■ WHAT THE TASK REQUIRES:
Take the records below and set down exactly the lines from the one with "Building Photo - 840 Emerson Dr" to the one with "Chef and Fish", ends included; do not copy the pictures.

■ INPUT MATERIAL:

Start of Block

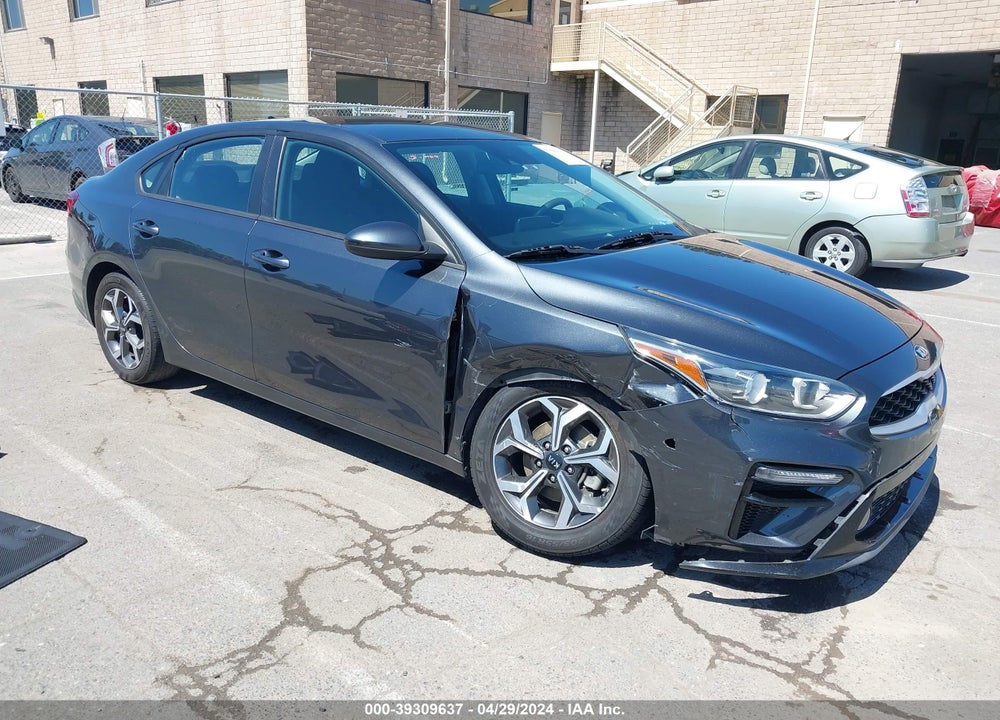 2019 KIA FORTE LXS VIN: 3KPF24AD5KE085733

End of Block
Start of Block

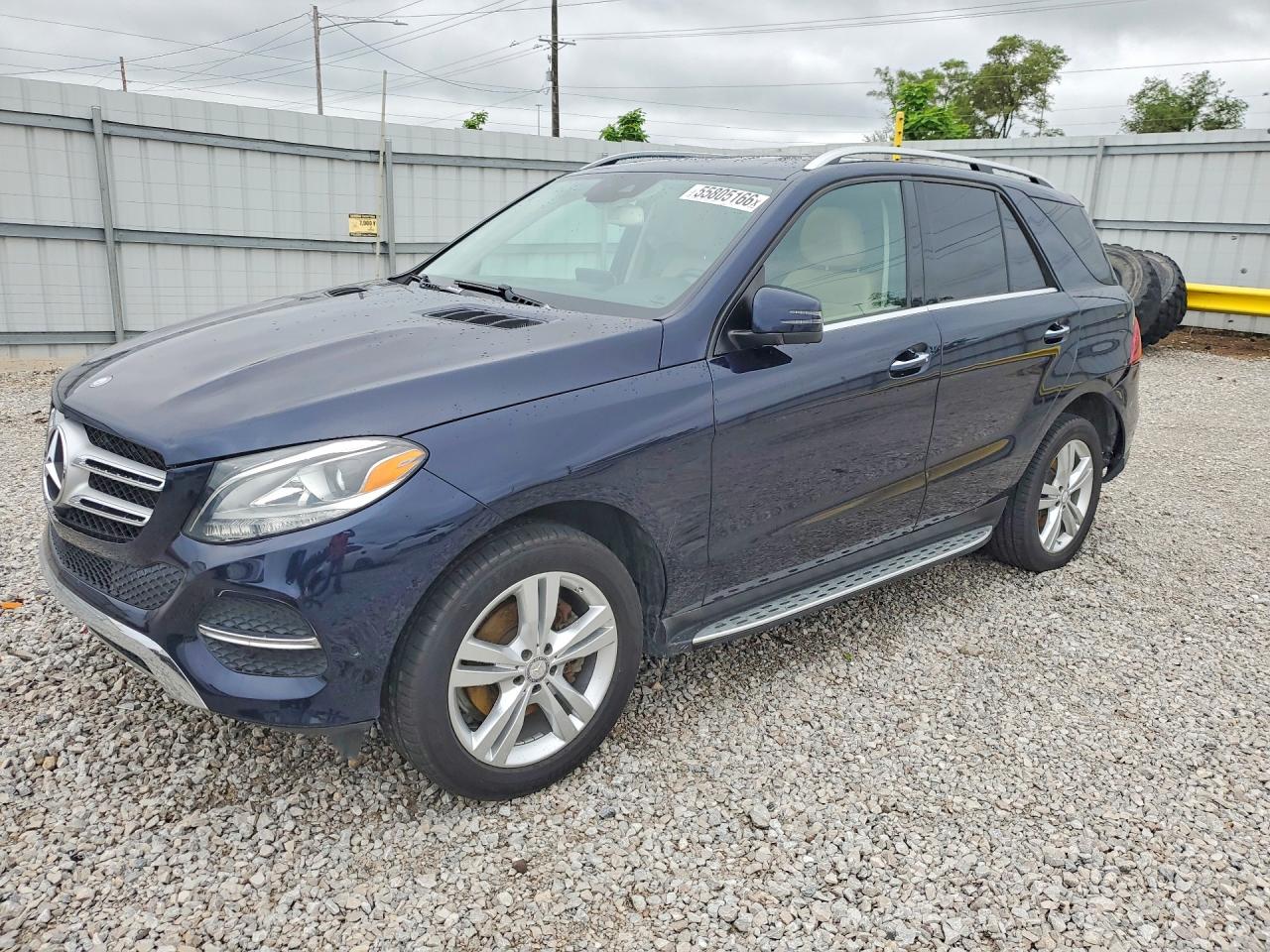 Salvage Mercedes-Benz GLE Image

End of Block
Start of Block

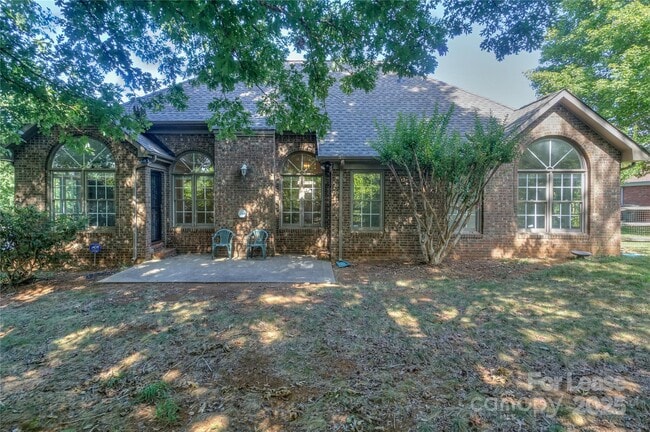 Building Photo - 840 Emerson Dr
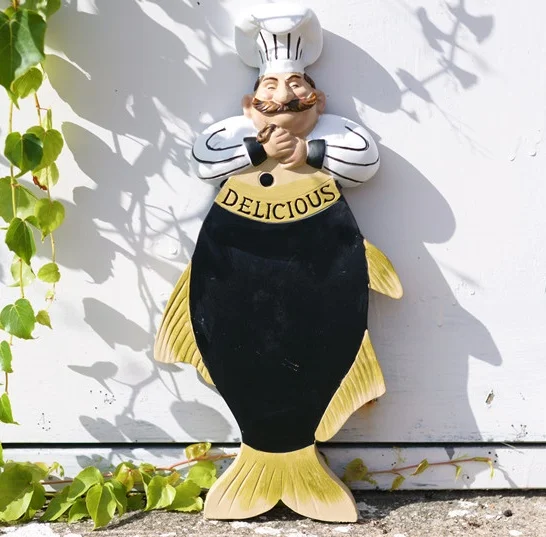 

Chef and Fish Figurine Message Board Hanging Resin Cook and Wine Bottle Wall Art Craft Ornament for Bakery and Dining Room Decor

End of Block

■ WRITTEN RESPONSE:
 Building Photo - 840 Emerson Dr

Chef and Fish Figurine Message Board Hanging Resin Cook and Wine Bottle Wall Art Craft Ornament for Bakery and Dining Room Decor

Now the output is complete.